🤖 AI Summary
This work addresses the challenge that existing robot learning methods struggle to simultaneously achieve predictive capability, cross-modal alignment, and scalability in complex physical interactions and long-horizon tasks. The authors propose Lumo-2, a latent-space world-action model that structures the latent representation to jointly model world dynamics and generate actions. Central to this approach is a novel hypothesis that the geometric structure of the latent space fundamentally determines action quality. Lumo-2 further incorporates a multi-stage modality pre-alignment mechanism to ensure consistency across vision, language, and action modalities, and introduces action tokenization with lightweight dynamic inference for efficient predictive control. Experiments demonstrate that Lumo-2 significantly outperforms current vision-language-action (VLA) and world-action model (WAM) approaches on real-world dexterous manipulation and long-horizon planning tasks, underscoring the critical role of structured alignment and predictive reasoning in embodied intelligence.
📝 Abstract
Learning, at its core, extends beyond memorization to the ability to reason and solve novel problems by navigating a space of possibilities. We introduce Lumo-2, a latent world-action model that generates actions by reasoning over world dynamics in latent space.

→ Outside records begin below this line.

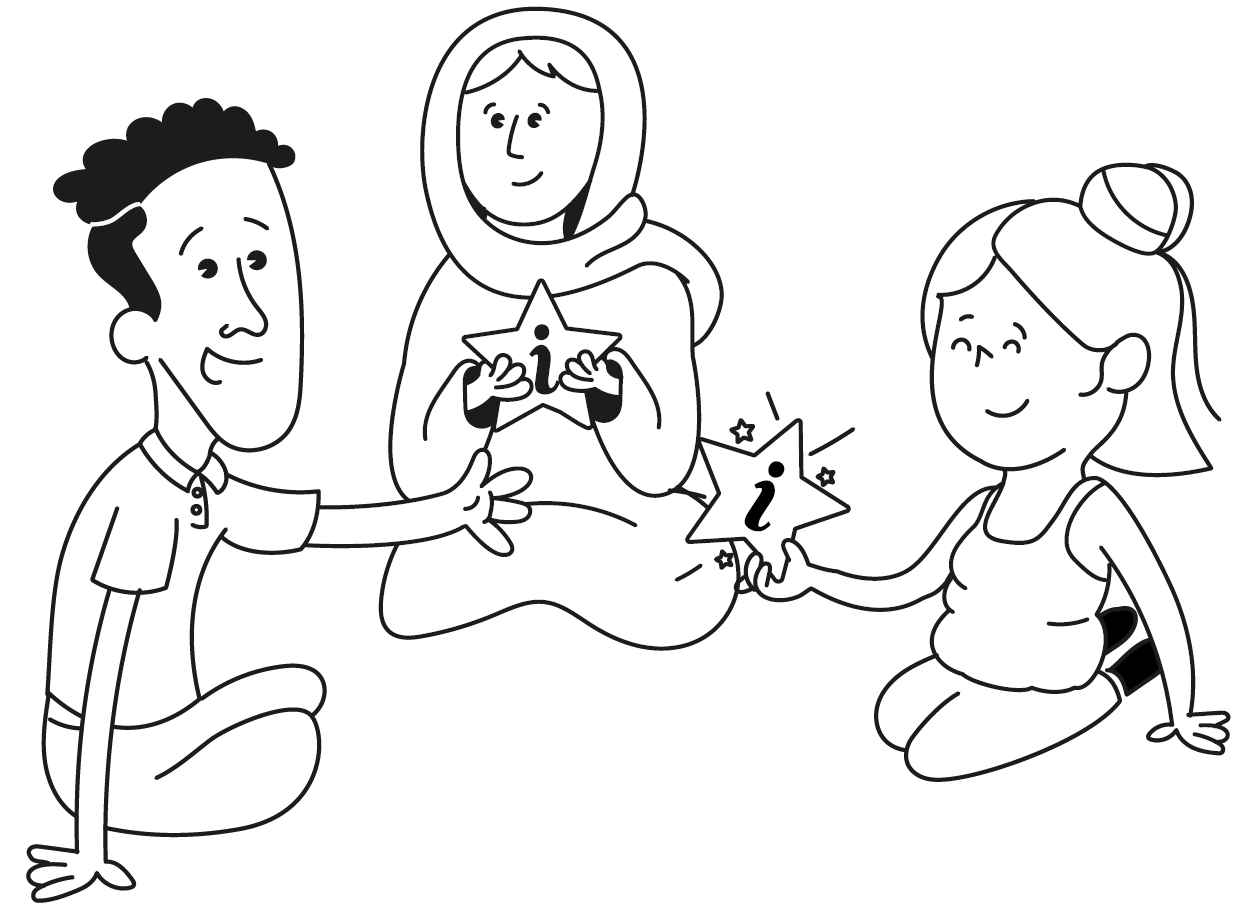 Illustration: group of young people talking sharing.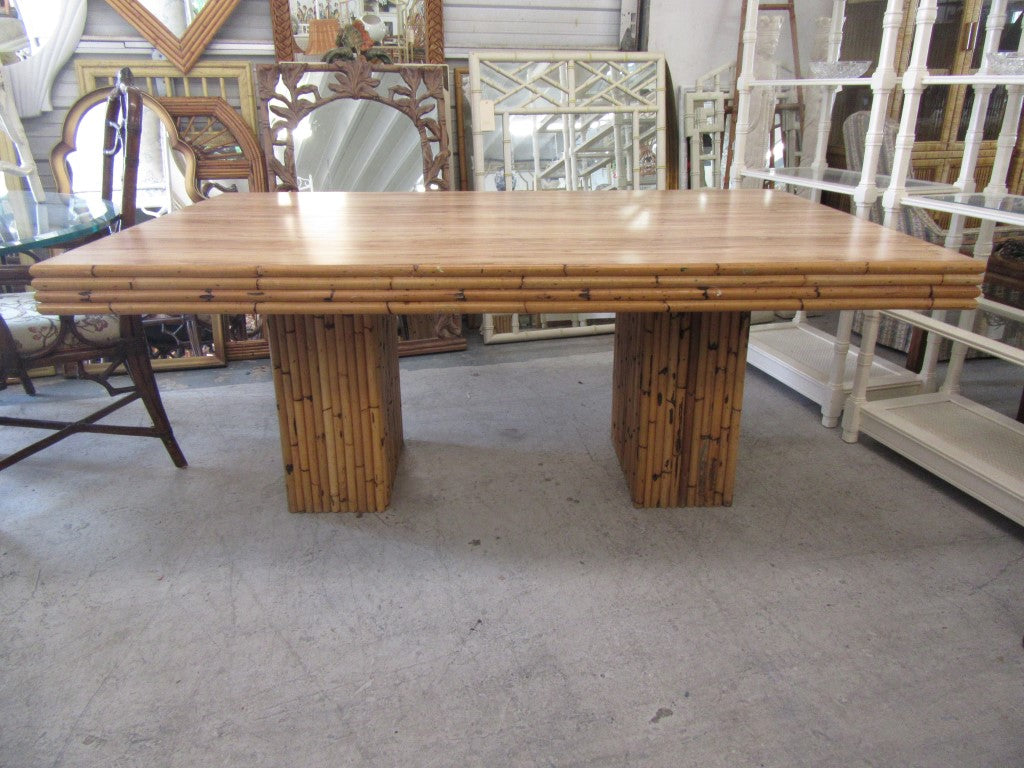 1970's Double Pedestal Bamboo Table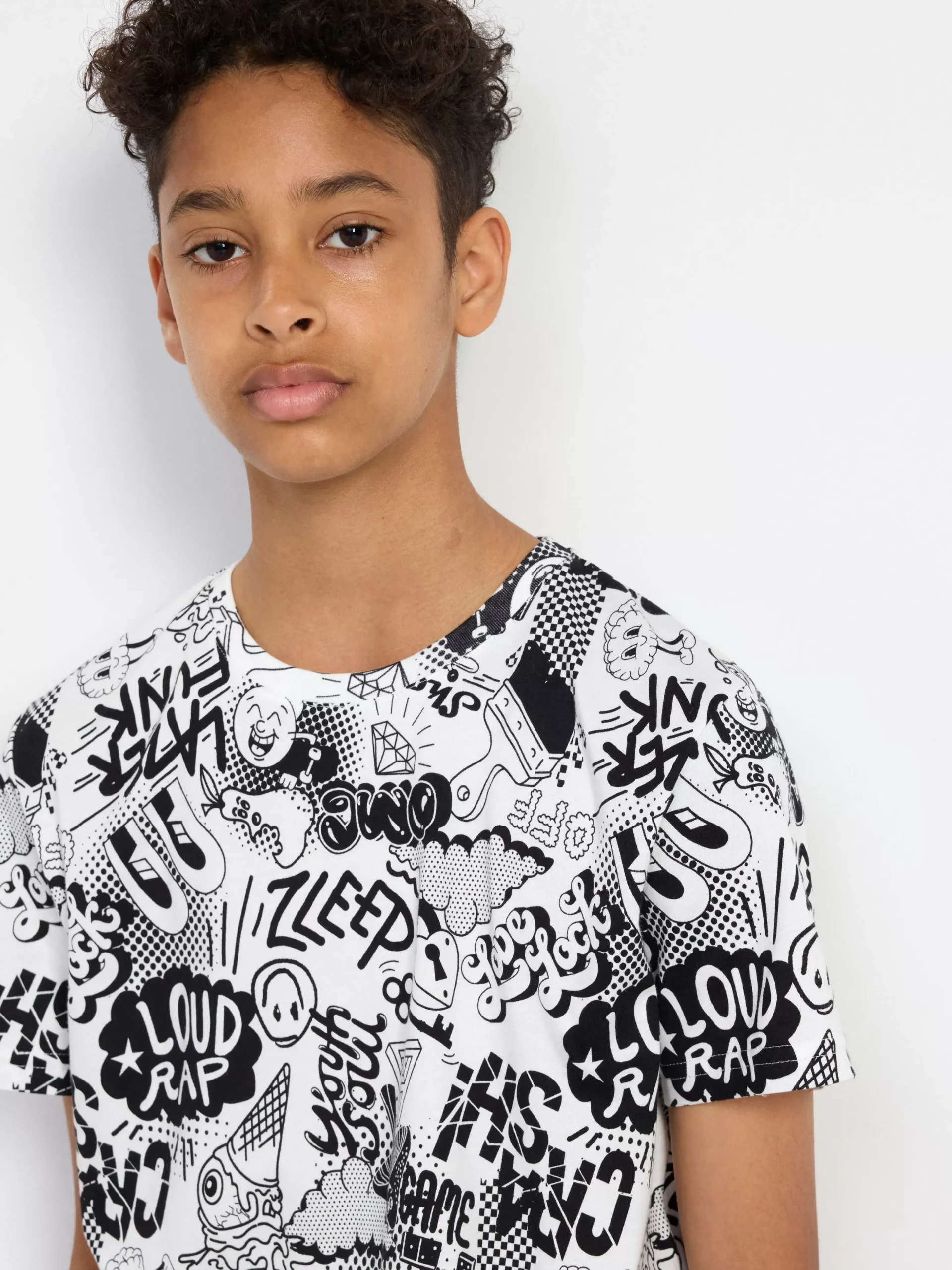 Toppar & T-Shirts>Lindex T-Shirt Med Tecknat Monster Off White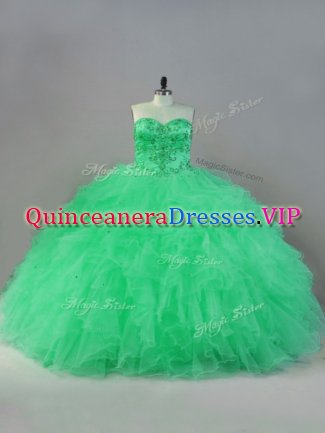 Apple Green Ball Gowns Tulle Sweetheart Sleeveless Beading Floor Length Lace Up Ball Gown Prom Dress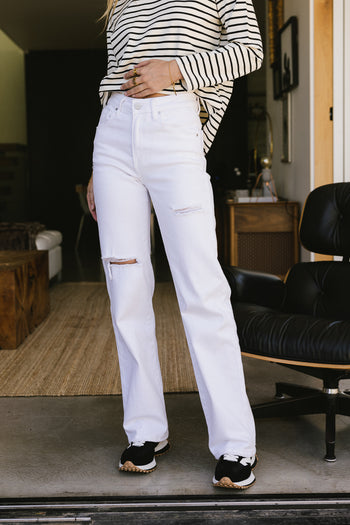 distressed white denim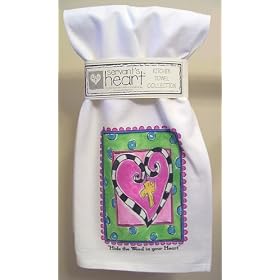 Servant's Heart Red Heart Cross Flour Sack Kitchen Towel
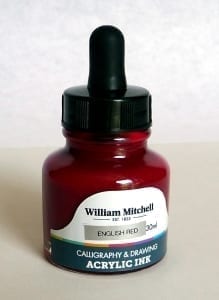 William Mitchell English Red Acrylic Calligraphy Ink 30ml 1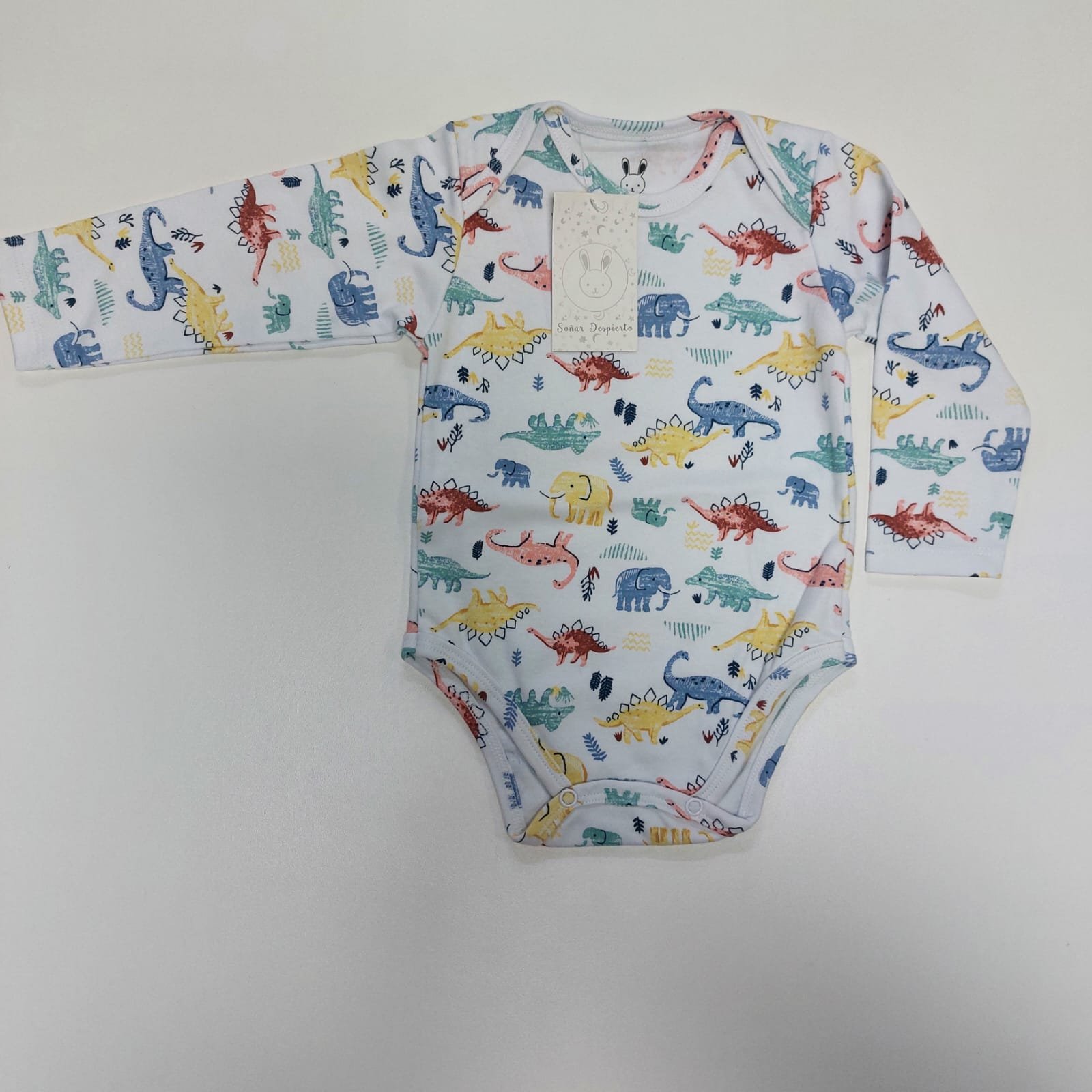Body Bebé Manga Larga Estampado Dinosaurios – Multicolor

The learned latent world dynamics capture physically grounded visual transitions, naturally encoding future possibilities and providing a unified substrate for cross-modal alignment. This formulation enables predictive reasoning akin to world modelling while remaining lightweight and focused on physical dynamics relevant to control. Central to our approach is the hypothesis that action generation quality is governed by the geometry of the latent space. We observe that standard reconstruction-based action tokenization objectives induce representations biased toward low-level signal fidelity, leading to misalignment between reconstruction quality and downstream control performance. To address this limitation, we propose a multi-stage modality pre-alignment strategy in which action representations are progressively aligned with latent world dynamics, vision, and language. This process enforces cross-modal consistency, promotes abstraction, and induces a structured latent space for predictive reasoning. We provide a systematic empirical study of latent world modelling and modality alignment, analyzing their roles in scaling laws and out-of-distribution generalization. Results show that Lumo-2 consistently outperforms strong vision-language-action (VLA) and world-action model (WAM) baselines, with gains on challenging real-world tasks requiring temporal reasoning, physical understanding, or high control complexity, including long-horizon and dexterous manipulation. These findings suggest that structured multimodal alignment and predictive reasoning are fundamental principles for advancing embodied intelligence.